Drawing on a number of conventional literary Asian/North American elements — intergenerational conflict, interwoven folk legends, thematic interplays of food, language, and assimilation — Chorus of Mushrooms is uniquely set in rural Nanton, Alberta where the Tonkatsu family owns and operates a mushroom farm.
As Lai astutely points out, Goto’s novel focuses on “the ways in which Japanese Canadian subjects emerge in relation to state, citizenship, and social life… and out from under the shadow of wartime internment” and yet continue to be affected by that history. It is a novel about transformation, re-invention, and cultural flexibility that, while in some ways shaped by history and convention, is also innovative, experimental, and abstract.
The three generations of women represented in the novel, Issei, Nisei, and Sansei, share complex relationships with one another in their diverse experiences of Japanese Canadian cultural identity. Obāchan (grandmother) Naoe understands but refuses to speak English, Keiko (her daughter) wilfully forgets the Japanese language and customs with which she was raised, and Murasaki/Muriel (Keiko’s daughter) contemplates her Japanese Canadian identity and her ancestral roots.
On the surface, Goto’s characters express their frustrations with each other’s stubbornness; Naoe ponders, “It’s funny how children grow inside your body, but they turn out to be strangers,” when Keiko seems to reject any connection to their Japanese ancestry. And whereas Naoe is disappointed by her daughter’s choices, Murasaki resents that she has never been exposed to any form of Japanese culture from her parents.
What might potentially be the most challenging relationship, that between Naoe and her granddaughter—as Murasaki cannot understand Japanese and Naoe’s “lips refuse and… tongue swells in revolt” of speaking in English—is in fact one of the more profound connections. Despite their language differences, grandmother and granddaughter share a secret form of communication, first through physical touch and inflection, and later by telepathy.
Language is the central thread that ties these women together, as they invent systems of communication independent of the words they do not (and cannot) share. When Murasaki is a young girl, Naoe remarks, “She cannot understand the words I speak, but she can read the lines on my brow, the creases beside my mouth.”
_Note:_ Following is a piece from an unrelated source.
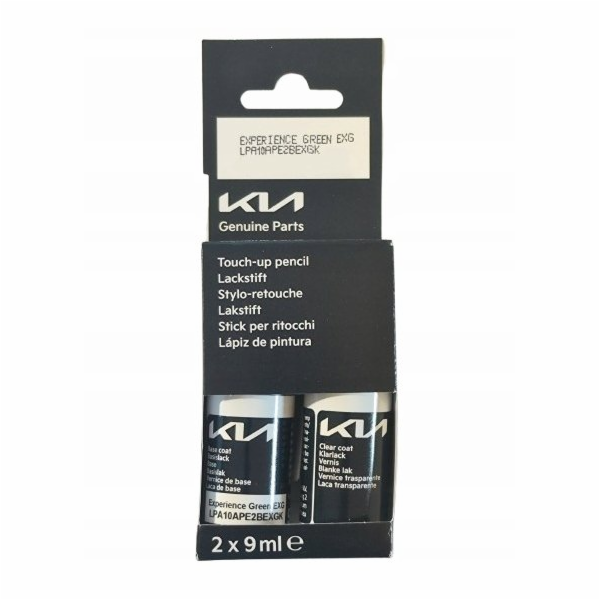 Catrice MANUCURIST_Green Flash LED gelový lak na nehty Ml...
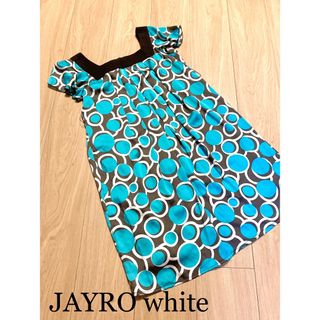 ジャイロホワイト(JAYRO White)のJAYRO white   柄物　青緑　ワンピース(ミニワンピース)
At night, snuggled under the covers and sharing forbidden snacks of rice crackers and dried squid, Naoe offers her young granddaughter stories that are magically deciphered. “I snuggled my head in Obāchan’s bony lap and closed my eyes to listen,” Murasaki reminisces. “I couldn’t understand the words she spoke, but this is what I heard. Mukāshi, mukāshi, ōmukashi…” (18), which means “in ancient times, in ancient times, in very very ancient times” (see Eleanor Ty, cited below, p. 157). The story continues, “translated” into English, Murasaki’s interpretation of her grandmother’s Japanese words.
Even the strained relationship between Keiko and Naoe is given momentary reprieve when they turn away from word-based language and toward tactile communication:
Keiko and I, our differences remain. But there are times when one can touch the other without language to disrupt us. Daughter from my body, but not from my mouth. The words we speak leave small bruises on the skin, but what she utters from her face doesn’t always come from her heart. Sometimes, we are able to touch the other with gentle thoughts and gentler hands. We still have our hair days, and she still asks me to clean her ears. Such a fragile, trusting thing, to have one’s ear’s cleaned by someone. It’s not something you can ask of everyone. It is more a woman contact, something that boys grow out of. But old women will turn to their daughters to have their hair looked after. Grown women will still turn to their aged mothers and ask to have their ears cleaned. As long as Keiko asks me to, I know she trusts me.
Because Keiko’s relationship with Naoe depends almost entirely on tactile communication, she is most damaged by her mother’s sudden disappearance. After living with her daughter’s family for years, Naoe decides: “Keiko and Murasaki need to grow without my noisy presence and I need to live outside the habit of my words,” before departing without notice from their lives.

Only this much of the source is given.